Na Petrobras, Duque era o responsável
por repassar as vantagens indevidas ao PT. A partir de 2007, as
negociações passaram a ser feitas com João Vaccari Neto, ex-tesoureiro
do partido, segundo o ex-diretor, cumprindo determinação do próprio
Lula. “Fui chamado a Brasília pelo então ministro Paulo Bernardo, essa
pessoa falou: 'Você vai conhecer uma pessoa indicada pelo... e fazia um
movimento [com as mãos, na barba e no queixo]. O Lula era chamado como
Chefe, Grande Chefe, Nine ou esse movimento com a mão. A pessoa que está
sendo indicada, ela que vai ser agora quem vai atuar junto a empresas
que trabalham com a Petrobras. Foi quando conheci o Vaccari em 2007”,
disse.
Durante o depoimento, que durou mais de uma hora, o
ex-diretor de Serviços da Estatal detalha que, no caso específico dos
contratos envolvendo a Sete Brasil, foi acordado o repasse de 0,9% de
propina dos valores pagos pelos cinco estaleiros contratados para
construir os navios-sonda. A vantagem ilegal seria dividida igualmente
entre o PT e os funcionários da Petrobras. A Sete Brasil foi criada pela
estatal para explorar o petróleo na camada pré-sal.
Outro lado
Em
nota à imprensa, a assessoria de Luiz Inácio Lula da Silva acusa os
procuradores da Lava Jato de fabricar “depoimentos mentirosos” na
tentativa de produzir provas para as “denúncias levianas” contra ele,
após “dois anos de investigações. De acordo com a defesa do
ex-presidente, veículos da imprensa já “vinham antecipando estranhamente
o suposto teor” do depoimento, “sempre com o sentido de comprometer
Lula”.
“O desespero dos procuradores aumentou com a aproximação
da audiência em que Lula vai, finalmente, apresentar ao juízo a verdade
dos fatos. A audiência de Lula foi adiada em uma semana sob o falso
pretexto de garantir a segurança pública.
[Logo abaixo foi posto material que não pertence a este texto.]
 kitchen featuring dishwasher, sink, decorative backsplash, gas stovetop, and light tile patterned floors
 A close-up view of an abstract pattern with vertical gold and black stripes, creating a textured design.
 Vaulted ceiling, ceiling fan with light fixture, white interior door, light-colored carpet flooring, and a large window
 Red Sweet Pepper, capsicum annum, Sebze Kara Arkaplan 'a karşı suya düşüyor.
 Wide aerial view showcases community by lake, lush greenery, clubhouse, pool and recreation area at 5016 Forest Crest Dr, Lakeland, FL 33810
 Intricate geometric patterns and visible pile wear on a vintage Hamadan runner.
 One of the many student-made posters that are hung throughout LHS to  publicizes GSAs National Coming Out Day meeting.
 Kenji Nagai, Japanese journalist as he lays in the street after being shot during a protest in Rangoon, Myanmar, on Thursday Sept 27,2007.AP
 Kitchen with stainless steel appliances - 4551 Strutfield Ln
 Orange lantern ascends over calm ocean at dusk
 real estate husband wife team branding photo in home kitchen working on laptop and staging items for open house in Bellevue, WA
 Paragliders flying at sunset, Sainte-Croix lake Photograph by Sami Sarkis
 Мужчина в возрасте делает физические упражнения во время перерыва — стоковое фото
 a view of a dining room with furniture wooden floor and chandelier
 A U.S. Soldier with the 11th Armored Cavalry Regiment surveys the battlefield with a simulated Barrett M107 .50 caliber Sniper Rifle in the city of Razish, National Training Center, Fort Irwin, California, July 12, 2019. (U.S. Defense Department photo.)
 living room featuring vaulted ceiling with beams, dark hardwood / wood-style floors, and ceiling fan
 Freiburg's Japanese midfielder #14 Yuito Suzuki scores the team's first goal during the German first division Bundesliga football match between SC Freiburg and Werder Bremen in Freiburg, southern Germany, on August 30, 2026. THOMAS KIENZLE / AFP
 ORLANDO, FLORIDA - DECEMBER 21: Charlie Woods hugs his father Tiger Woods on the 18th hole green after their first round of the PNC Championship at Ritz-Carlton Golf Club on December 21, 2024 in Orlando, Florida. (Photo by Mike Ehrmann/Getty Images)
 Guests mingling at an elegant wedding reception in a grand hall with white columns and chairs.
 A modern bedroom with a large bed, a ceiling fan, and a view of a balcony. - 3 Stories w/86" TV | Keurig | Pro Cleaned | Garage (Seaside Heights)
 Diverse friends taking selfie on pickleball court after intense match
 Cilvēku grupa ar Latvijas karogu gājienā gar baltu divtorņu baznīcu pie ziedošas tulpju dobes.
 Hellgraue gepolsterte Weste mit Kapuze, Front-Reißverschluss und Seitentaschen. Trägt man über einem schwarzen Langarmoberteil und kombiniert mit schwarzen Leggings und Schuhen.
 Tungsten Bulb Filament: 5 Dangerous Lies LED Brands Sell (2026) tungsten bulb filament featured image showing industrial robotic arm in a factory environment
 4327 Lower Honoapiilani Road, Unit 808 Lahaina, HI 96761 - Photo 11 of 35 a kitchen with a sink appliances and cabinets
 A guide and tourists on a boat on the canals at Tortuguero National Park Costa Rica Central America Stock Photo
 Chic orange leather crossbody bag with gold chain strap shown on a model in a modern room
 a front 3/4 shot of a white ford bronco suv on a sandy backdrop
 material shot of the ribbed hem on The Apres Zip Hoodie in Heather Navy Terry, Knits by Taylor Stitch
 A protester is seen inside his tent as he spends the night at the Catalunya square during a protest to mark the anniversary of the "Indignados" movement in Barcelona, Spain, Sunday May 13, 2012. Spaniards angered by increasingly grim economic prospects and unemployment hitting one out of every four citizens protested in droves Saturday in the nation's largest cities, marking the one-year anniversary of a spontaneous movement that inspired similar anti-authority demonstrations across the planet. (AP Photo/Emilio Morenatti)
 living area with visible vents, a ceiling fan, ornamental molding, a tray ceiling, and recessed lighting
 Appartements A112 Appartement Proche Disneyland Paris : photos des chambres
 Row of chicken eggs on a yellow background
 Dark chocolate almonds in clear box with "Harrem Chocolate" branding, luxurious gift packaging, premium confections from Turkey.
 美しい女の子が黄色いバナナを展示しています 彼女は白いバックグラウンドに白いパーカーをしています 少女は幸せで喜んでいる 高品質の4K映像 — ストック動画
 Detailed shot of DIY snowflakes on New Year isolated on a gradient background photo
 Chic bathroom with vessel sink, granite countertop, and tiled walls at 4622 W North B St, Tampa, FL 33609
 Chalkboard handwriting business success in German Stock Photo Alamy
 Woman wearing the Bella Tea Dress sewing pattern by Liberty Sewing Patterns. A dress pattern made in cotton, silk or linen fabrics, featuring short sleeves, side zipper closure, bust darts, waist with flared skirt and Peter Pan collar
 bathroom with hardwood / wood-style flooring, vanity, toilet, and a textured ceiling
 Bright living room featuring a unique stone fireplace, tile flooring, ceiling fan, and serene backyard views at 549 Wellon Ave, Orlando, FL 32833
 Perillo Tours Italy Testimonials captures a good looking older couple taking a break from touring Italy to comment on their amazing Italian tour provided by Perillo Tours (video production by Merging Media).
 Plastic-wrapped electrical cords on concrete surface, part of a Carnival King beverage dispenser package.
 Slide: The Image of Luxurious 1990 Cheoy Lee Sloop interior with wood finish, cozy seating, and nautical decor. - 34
Na verdade, como vinha
alertando a defesa de Lula, o adiamento serviu unicamente para encaixar
nos autos depoimentos fabricados de ex-diretores da OAS [Leo Pinheiro e
Agenor Medeiros] e, agora, o de Renato Duque”, diz a defesa do
ex-presidente.
Ainda no comunicado, a assessoria diz que os
depoentes são condenados a mais de 20 anos de prisão, nunca haviam
mencionado o ex-presidente ao longo do processo e teriam sido “coagidas a
negociar benefícios penais”. “O que assistimos nos últimos dias foi
mais uma etapa dessa desesperada gincana, nos tribunais e na mídia, em
busca de uma prova contra Lula, prova que não existe na realidade e
muito menos nos autos”, diz a defesa.